The reality is that Steve Spurrier did arrive as our coach, and since that great hire we have brought home 3 national titles to Gainesville, 2 Heismans and 8 conference titles. We are the university of Tim Tebow, Percy Harvin, Danny Wuerffel, Rex Grossman, Wilber Marshall, Cris Collinsworth, Fred Taylor and Emmitt Smith!

And just look at the unmatched television success of our former players, Tebow and Jesse Palmer. Not to mention that we coined the phrase “Ol’ Ball Coach” and brought Gatorade to your homes.

Consider this when reviewing our record: We are the only other school besides Alabama to win 4 consecutive SEC championships, which we did under coach Spurrier from 1993-96.

In a 25-year stretch from 1986-2010, we had the 4th-best winning percentage (75%) of all Division I schools, trailing only Miami, Nebraska and Florida State.

You cannot mention the 1990s or the 2000s without mentioning the Gators; it was a time when the fabric of college football was dyed permanently with blue and orange.

So this is us in a nutshell. Oh, and one last thing, “Go Gators.”

The Case for LSU

Ladies and gentlemen, a movie was made about one of our players. That’s right. Dennis Quaid starred in the fictional Hollywood film, Everybody’s All-American, but most folks knew that it was based on the life of LSU’s Billy Cannon.

The Tiger tradition began in 1893, when LSU football suited up for the first time. Since then, we have won 797 games, 3 AP national titles, 11 SEC titles, and have posted 15 10-win seasons. We have 26 bowl wins and an overall winning percentage (.530) in postseason play. Thirty-five Tigers were consensus All-Americans, including the aforementioned Billy Cannon, who captured the Heisman.

We have had great coaches in Baton Rouge. From the legendary Paul Dietzel to “Cholly Mac” McClendon to Nick Saban to Les Miles, Baton Rouge has been a popular stop for talented men.
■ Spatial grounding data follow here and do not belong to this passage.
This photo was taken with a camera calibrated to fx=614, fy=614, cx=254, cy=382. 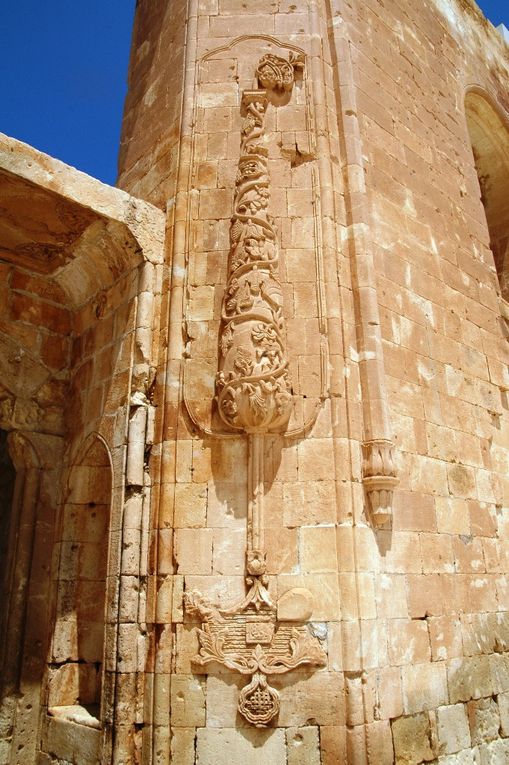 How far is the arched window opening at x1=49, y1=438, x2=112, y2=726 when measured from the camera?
4.99 m

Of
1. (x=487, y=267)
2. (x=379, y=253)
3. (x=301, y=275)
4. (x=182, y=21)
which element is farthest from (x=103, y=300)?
(x=487, y=267)

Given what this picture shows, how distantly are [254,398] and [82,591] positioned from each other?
7.77 feet

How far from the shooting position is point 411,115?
21.6ft

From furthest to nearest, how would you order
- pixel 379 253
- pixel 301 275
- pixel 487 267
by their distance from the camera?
pixel 487 267 → pixel 379 253 → pixel 301 275

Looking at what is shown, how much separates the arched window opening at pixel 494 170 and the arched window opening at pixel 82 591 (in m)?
6.74

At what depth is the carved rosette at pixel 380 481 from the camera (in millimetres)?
4418

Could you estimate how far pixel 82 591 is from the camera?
17.1 ft

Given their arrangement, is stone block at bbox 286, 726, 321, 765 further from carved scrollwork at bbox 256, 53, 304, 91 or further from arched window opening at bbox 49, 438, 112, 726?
carved scrollwork at bbox 256, 53, 304, 91

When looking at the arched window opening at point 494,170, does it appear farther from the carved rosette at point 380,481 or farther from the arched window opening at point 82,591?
the arched window opening at point 82,591

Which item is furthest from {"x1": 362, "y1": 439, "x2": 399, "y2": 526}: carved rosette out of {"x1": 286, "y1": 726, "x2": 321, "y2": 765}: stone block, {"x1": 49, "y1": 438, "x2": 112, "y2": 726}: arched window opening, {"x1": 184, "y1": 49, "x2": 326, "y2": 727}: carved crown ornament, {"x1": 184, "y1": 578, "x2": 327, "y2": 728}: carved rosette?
{"x1": 49, "y1": 438, "x2": 112, "y2": 726}: arched window opening

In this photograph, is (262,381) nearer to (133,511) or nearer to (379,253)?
(133,511)

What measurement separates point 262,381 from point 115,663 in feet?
7.23

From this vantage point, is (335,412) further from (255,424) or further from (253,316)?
(253,316)

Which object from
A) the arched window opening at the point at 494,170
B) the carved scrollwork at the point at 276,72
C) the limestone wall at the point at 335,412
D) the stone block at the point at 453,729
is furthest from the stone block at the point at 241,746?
the arched window opening at the point at 494,170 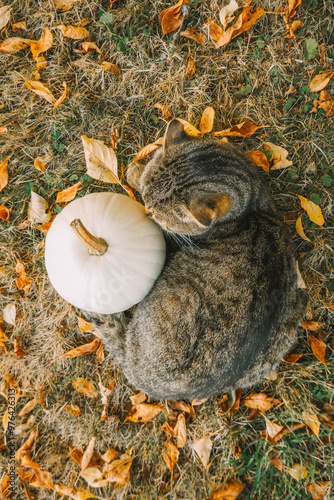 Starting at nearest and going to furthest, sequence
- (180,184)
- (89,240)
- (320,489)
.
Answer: (89,240) → (180,184) → (320,489)

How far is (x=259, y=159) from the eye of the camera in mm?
3291

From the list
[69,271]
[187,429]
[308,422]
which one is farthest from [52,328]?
[308,422]

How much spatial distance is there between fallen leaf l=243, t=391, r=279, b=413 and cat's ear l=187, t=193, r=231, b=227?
1.90 meters

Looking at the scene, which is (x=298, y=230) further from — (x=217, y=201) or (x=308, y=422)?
A: (x=308, y=422)

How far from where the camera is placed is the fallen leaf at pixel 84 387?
339cm

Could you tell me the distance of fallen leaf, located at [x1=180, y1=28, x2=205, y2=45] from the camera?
324 cm

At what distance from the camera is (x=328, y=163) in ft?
11.1

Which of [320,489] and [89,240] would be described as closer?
[89,240]

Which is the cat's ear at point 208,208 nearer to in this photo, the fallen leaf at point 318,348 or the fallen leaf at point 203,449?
the fallen leaf at point 318,348

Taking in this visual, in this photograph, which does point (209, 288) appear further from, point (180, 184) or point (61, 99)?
point (61, 99)

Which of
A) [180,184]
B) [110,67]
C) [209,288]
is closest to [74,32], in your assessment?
[110,67]

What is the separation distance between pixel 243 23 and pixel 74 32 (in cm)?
159

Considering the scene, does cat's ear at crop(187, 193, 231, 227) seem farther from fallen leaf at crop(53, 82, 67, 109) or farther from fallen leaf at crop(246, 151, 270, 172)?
fallen leaf at crop(53, 82, 67, 109)

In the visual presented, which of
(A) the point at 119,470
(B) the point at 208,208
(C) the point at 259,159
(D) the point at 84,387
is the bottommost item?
(A) the point at 119,470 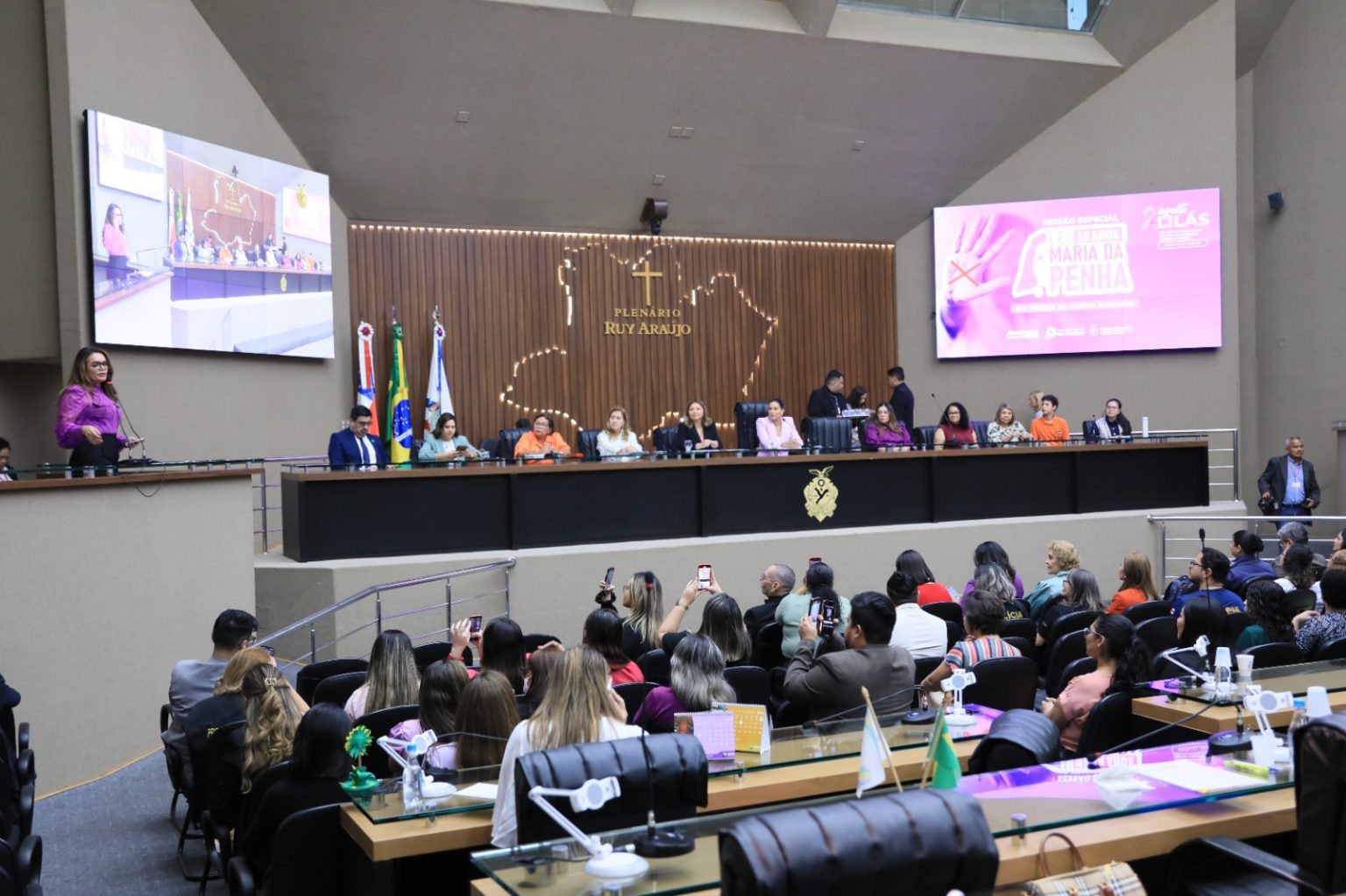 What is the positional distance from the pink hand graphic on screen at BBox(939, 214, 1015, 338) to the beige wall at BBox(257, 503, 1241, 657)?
160 inches

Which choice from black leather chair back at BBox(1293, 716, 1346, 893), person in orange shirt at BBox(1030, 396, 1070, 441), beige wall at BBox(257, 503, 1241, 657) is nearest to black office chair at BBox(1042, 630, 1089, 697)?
black leather chair back at BBox(1293, 716, 1346, 893)

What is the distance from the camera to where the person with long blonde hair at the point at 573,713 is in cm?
323

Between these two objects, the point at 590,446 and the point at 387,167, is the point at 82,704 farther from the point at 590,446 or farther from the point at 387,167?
the point at 387,167

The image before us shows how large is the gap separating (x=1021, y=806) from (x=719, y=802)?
0.85m

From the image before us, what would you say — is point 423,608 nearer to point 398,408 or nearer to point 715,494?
point 715,494

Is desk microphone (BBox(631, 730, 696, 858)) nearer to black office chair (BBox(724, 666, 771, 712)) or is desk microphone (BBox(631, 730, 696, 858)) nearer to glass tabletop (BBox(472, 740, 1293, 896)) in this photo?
glass tabletop (BBox(472, 740, 1293, 896))

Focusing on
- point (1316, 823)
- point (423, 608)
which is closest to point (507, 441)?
point (423, 608)

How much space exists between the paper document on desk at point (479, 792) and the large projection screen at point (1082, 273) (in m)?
11.9

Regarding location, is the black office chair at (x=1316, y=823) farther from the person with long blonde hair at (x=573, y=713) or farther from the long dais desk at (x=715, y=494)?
the long dais desk at (x=715, y=494)

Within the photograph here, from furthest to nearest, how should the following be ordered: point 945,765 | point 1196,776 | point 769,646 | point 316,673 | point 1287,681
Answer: point 769,646, point 316,673, point 1287,681, point 1196,776, point 945,765

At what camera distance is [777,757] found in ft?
11.3

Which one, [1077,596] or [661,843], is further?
[1077,596]

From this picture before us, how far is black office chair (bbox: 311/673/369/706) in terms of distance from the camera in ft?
16.9

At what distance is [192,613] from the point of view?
22.9 feet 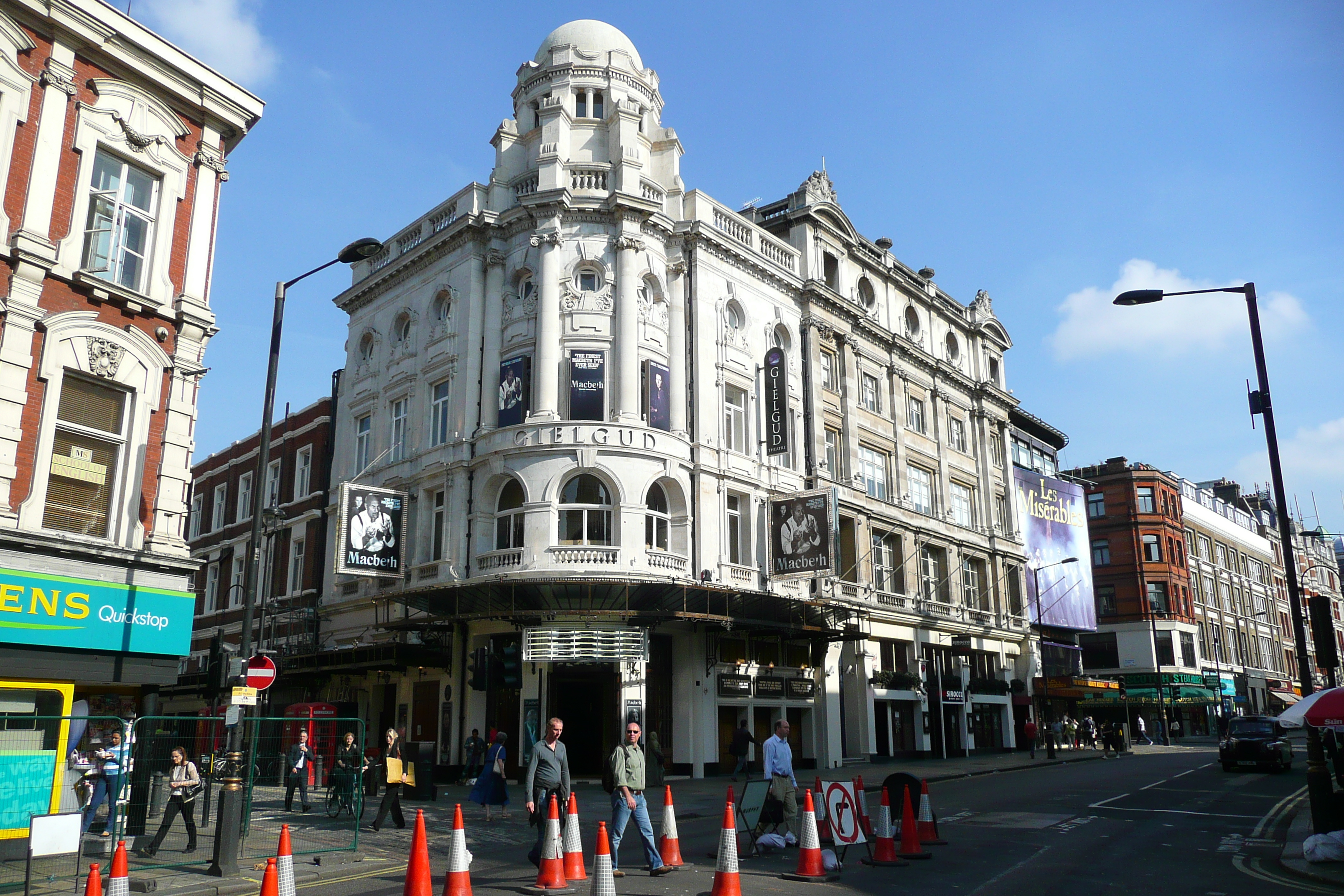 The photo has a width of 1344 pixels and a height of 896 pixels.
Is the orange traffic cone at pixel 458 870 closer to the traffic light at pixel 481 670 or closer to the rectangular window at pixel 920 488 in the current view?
the traffic light at pixel 481 670

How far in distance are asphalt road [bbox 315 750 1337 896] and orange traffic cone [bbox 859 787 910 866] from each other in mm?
221

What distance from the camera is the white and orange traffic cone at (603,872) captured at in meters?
9.02

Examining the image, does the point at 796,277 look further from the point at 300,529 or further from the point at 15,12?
the point at 15,12

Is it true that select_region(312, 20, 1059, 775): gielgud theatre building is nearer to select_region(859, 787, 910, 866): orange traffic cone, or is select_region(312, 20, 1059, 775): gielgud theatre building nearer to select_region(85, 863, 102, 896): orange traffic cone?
select_region(859, 787, 910, 866): orange traffic cone

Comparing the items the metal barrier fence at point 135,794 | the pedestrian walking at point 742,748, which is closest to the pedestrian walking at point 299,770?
the metal barrier fence at point 135,794

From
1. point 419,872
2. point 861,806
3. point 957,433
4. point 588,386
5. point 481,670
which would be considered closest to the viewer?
point 419,872

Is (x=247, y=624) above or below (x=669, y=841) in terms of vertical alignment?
above

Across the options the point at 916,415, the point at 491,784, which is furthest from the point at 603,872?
the point at 916,415

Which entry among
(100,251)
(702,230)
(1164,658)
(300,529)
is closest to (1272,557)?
(1164,658)

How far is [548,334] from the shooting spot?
29.5 meters

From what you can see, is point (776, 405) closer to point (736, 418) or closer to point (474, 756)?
point (736, 418)

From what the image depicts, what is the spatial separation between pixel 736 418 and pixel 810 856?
74.8 ft

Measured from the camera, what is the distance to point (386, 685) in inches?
1328

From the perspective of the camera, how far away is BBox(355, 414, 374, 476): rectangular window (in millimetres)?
35375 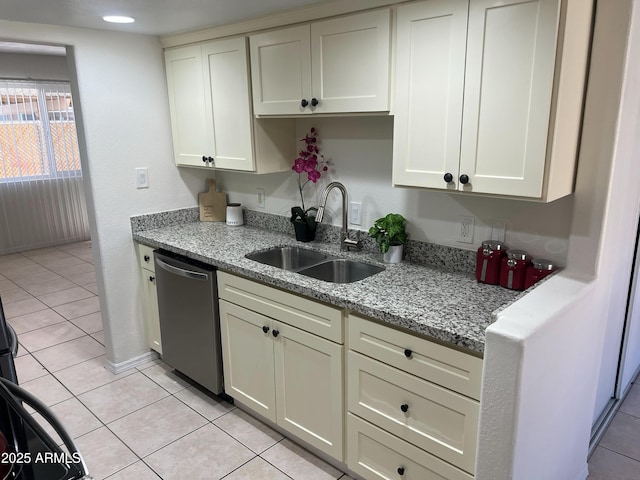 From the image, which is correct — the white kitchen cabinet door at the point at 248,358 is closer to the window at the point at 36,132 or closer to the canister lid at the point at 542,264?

It means something to be part of the LSU program. There is a standard of excellence that comes with it. That foundation was laid in the 1950s under Paul Dietzel and cemented in the 2000s by Saban and Miles.

LSU has been one of the most dominant programs in the 21 st century. Since 2000 (that’s 19 years) the Tigers have posted an overall record is 170-59 (8.9 wins per season), 10 seasons with 10-plus wins, and have secured 12 bowl wins. In addition, national championships were won in 2003 and 2007.

Overall, we have 11 SEC titles, 35 consensus All-Americans, 797 overall wins, a bowl winning percentage of .530 and 26 bowl wins. Eleven Tigers are members of the College Football Hall of Fame. And Baton Rouge is home to stars like Charles Alexander, Leonard Fournette, Tyrann Mathieu, Tommy Casanova, Glenn Dorsey, LaRon Landry, Patrick Peterson, Kevin Faulk and Marcus Spears.

And without question, we have the loudest, best and most intimidating stadium in all of the SEC. With so many casualties throughout the years, there’s no wonder why they refer to it as “Death Valley.”

Hold that Ti-gah!

As the LSU representative makes his way back to his seat, the judge addresses the courtroom.

“So there you have it, jury,” the judge says. “What say you?”